:: RECORD EXTRACTS
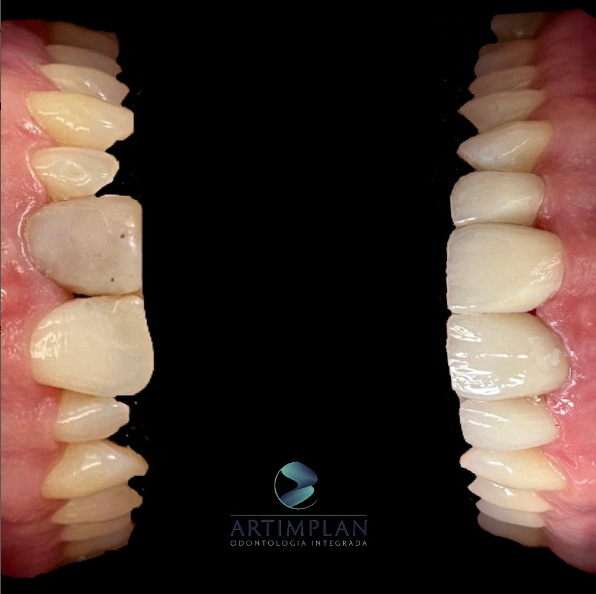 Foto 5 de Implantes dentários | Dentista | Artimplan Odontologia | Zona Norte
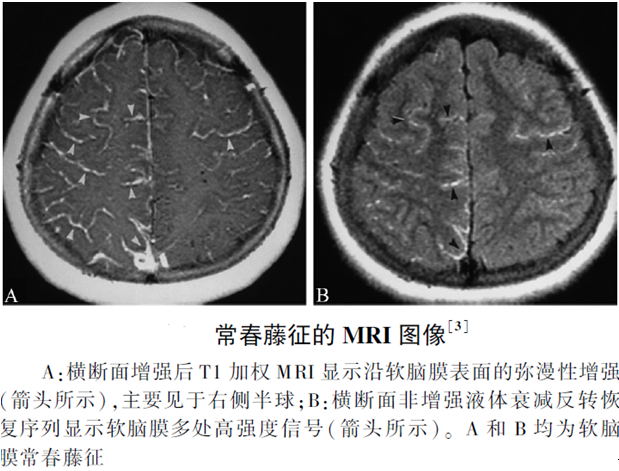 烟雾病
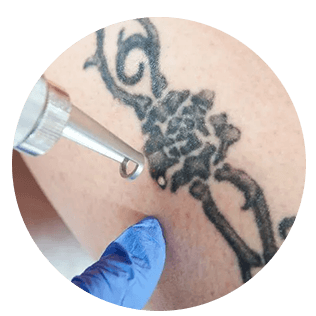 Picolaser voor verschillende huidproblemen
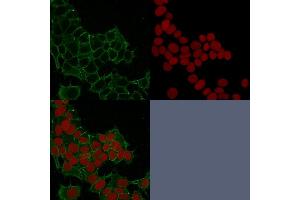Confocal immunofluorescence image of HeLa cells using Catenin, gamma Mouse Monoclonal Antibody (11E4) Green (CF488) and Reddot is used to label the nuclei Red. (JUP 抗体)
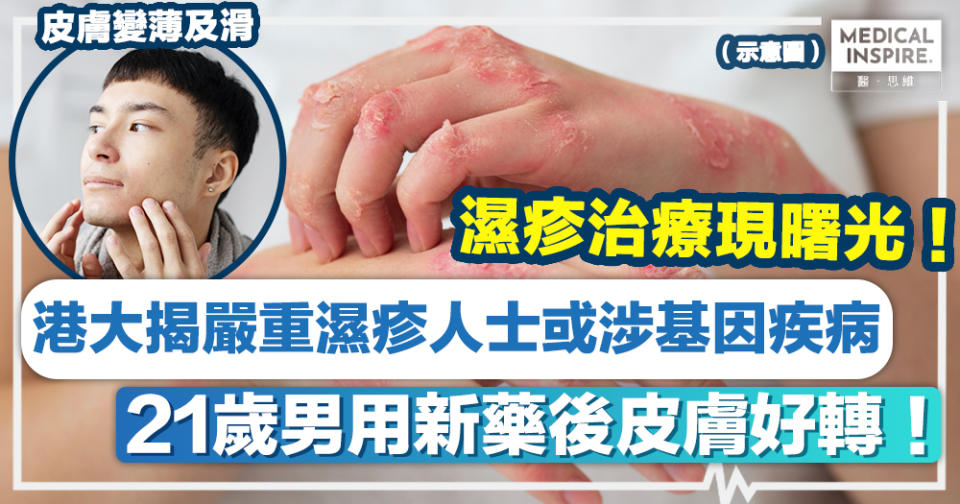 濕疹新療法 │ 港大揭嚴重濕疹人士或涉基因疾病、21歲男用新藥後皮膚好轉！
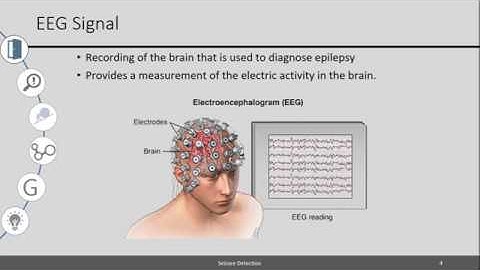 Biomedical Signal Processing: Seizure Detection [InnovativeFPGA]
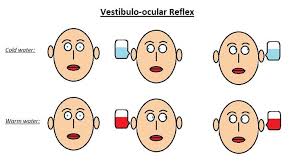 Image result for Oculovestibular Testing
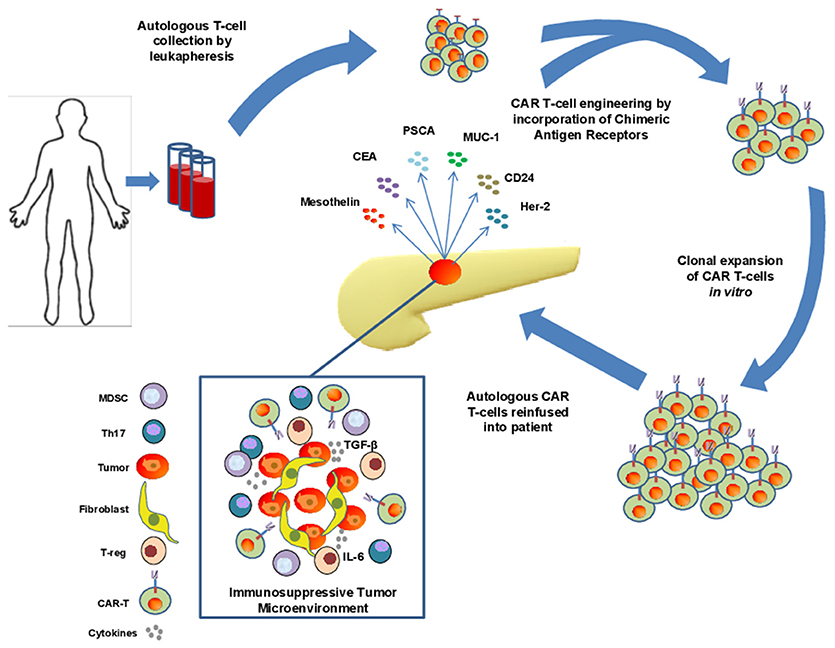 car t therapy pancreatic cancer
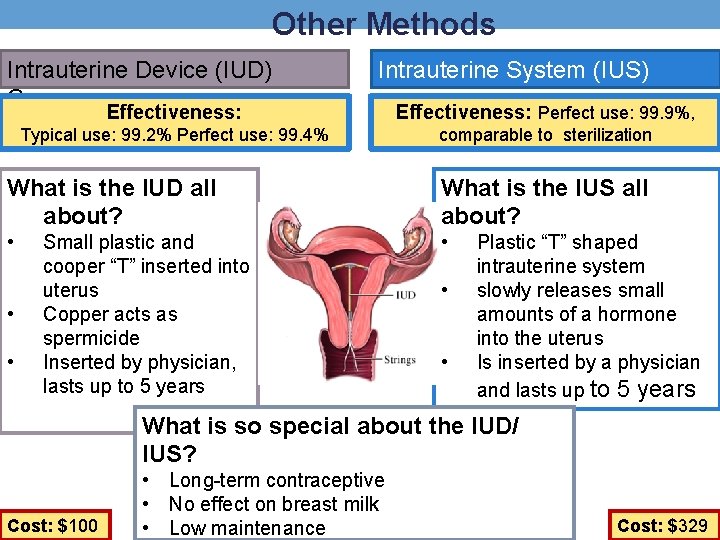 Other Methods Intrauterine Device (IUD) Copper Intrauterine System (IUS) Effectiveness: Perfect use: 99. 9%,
::::
:: RECORD EXTRACTS
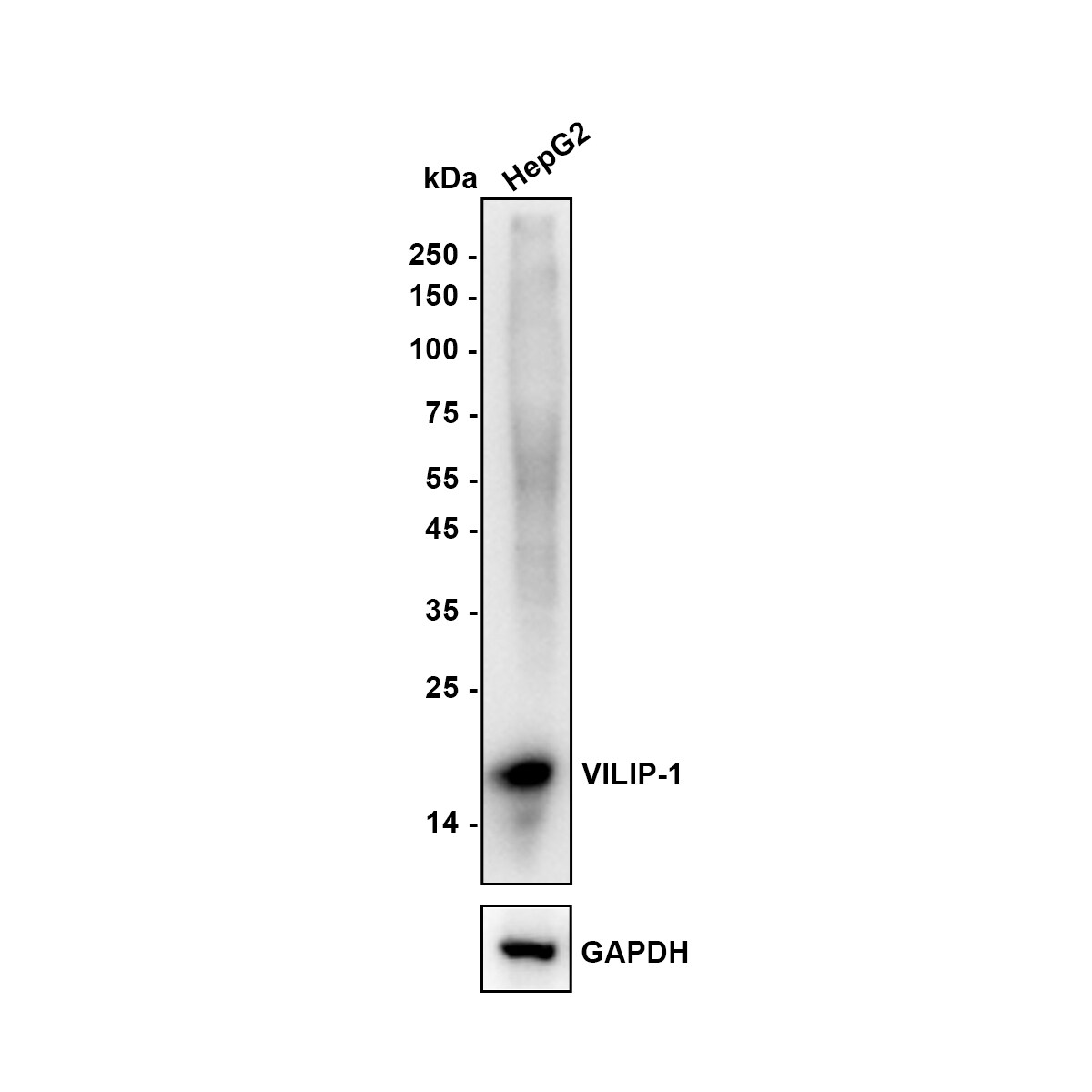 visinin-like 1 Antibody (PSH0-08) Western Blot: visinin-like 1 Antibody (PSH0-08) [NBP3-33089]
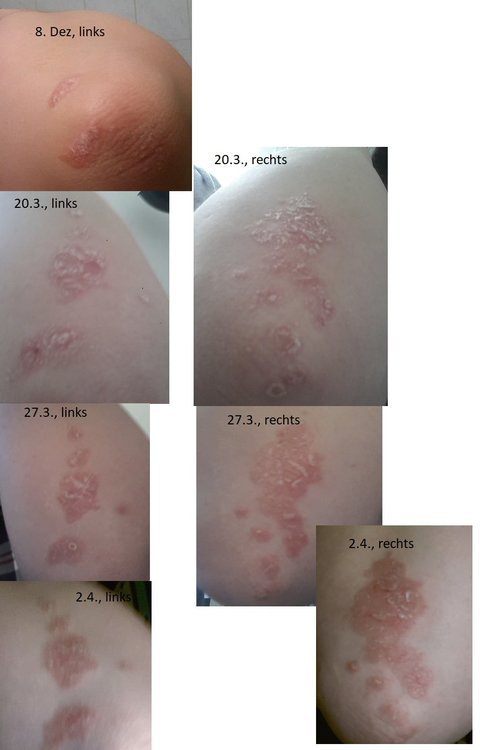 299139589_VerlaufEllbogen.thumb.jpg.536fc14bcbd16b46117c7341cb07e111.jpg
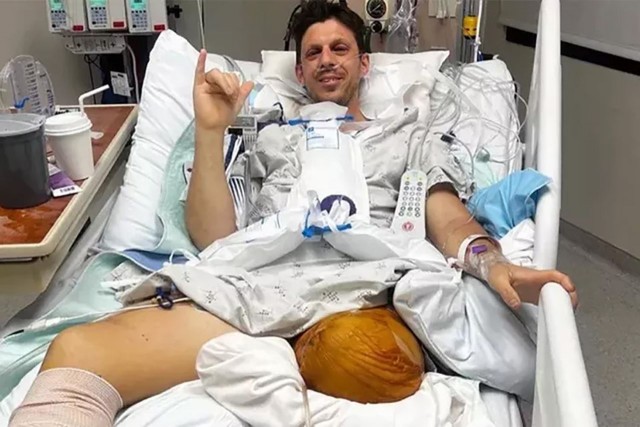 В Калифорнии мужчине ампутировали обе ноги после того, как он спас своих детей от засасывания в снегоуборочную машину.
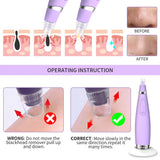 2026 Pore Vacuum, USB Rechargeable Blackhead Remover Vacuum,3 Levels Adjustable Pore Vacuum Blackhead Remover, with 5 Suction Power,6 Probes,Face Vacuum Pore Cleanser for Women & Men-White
::::
PROBLEM TO SOLVE | Starting at the line containing "visinin-like 1 Antibody (PSH0-08) Western" and finishing at the line containing "2026 Pore Vacuum, USB", return those lines exactly as they appear above, without the pictures.

WRITTEN REPLY |
 visinin-like 1 Antibody (PSH0-08) Western Blot: visinin-like 1 Antibody (PSH0-08) [NBP3-33089]
 299139589_VerlaufEllbogen.thumb.jpg.536fc14bcbd16b46117c7341cb07e111.jpg
 В Калифорнии мужчине ампутировали обе ноги после того, как он спас своих детей от засасывания в снегоуборочную машину.
 2026 Pore Vacuum, USB Rechargeable Blackhead Remover Vacuum,3 Levels Adjustable Pore Vacuum Blackhead Remover, with 5 Suction Power,6 Probes,Face Vacuum Pore Cleanser for Women & Men-White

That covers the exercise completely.